Aber man ließ ihm keine Ruhe. Ein Amtsrichter, der Schläge bekommen und nicht einmal die Verurteilung des Angreifers zu einer Gefängnisstrafe durchgesetzt hatte, der aus der Gesellschaft von seinesgleichen ausgeschlossen war und stündlich in Gefahr stand, öffentlich von neuem bloßgestellt zu werden, ohne Genugthuung fordern zu wollen, war einfach unmöglich.
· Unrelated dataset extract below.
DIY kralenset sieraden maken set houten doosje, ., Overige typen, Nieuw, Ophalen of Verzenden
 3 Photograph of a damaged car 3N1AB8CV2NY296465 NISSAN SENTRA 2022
Er genoß nicht mehr »die Achtung, die sein Richteramt verlangte«, und mußte zwangsweise beseitigt werden, wenn er nicht gutwillig weichen wollte. Die Thatsache, daß er sich in diese Lage gebracht hatte, entschied gegen ihn. Es wurde ihm eine Disziplinaruntersuchung angehängt. Er verteidigte sich selbst und führte aus, daß sein einziges Vergehen seine Gesetzestreue sei. Er appellierte an das Standesgefühl der Richter. Aber er war ja doch in seinem jetzigen Wirkungskreise unmöglich; diese Einsicht überwog. Er wurde verurteilt, sich die Versetzung in ein anderes Richteramt mit gleichem Range und Gehalt gefallen zu lassen. Mit gleichem Range und Gehalt! Damit sollte zu seinen Gunsten zum Ausdruck gebracht werden, daß man mehr die unglückliche Lage, als die Verschuldung berücksichtigte.

Nun forderte Dürenholz seinen Abschied und erhielt ihn in kürzester Zeit.